» **The data**:
★ ★ ★ ★ ★ ★ ★
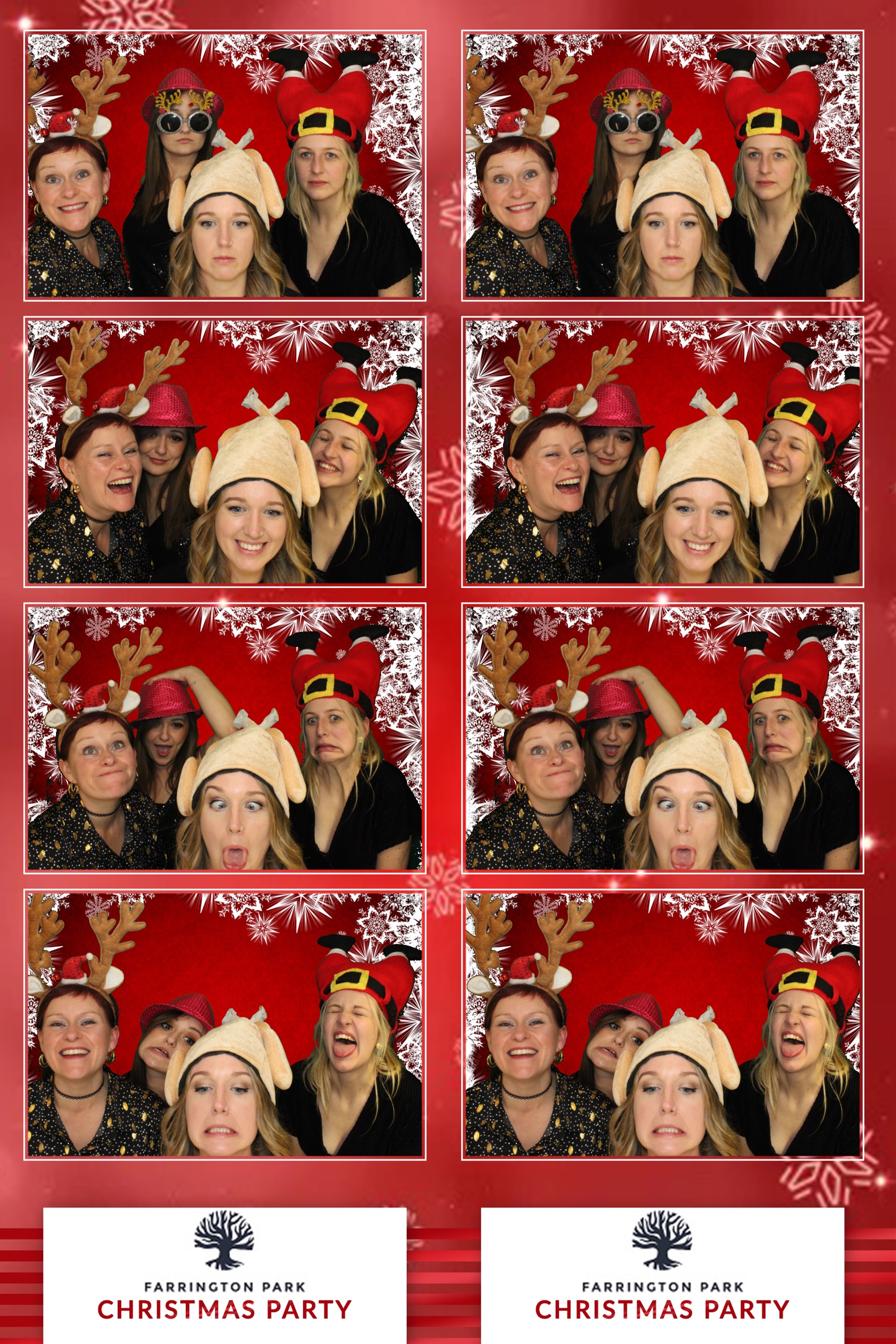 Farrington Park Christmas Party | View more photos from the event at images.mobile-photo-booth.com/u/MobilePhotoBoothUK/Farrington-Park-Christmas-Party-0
★ ★ ★ ★ ★ ★ ★
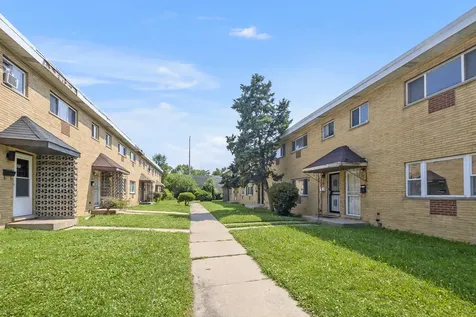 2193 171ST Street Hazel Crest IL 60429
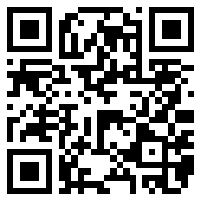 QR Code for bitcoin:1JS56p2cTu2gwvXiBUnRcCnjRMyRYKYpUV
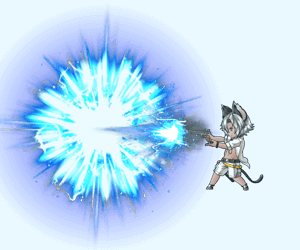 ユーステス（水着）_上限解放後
★ ★ ★ ★ ★ ★ ★
» **What to work on**:
Above are some records. Output exactly the lines from the one that contains "QR Code for" to the one that contains "ユーステス（水着）_上限解放後", keeping both, and omit the pictures.

» **Result for this exercise**:
 QR Code for bitcoin:1JS56p2cTu2gwvXiBUnRcCnjRMyRYKYpUV
 ユーステス（水着）_上限解放後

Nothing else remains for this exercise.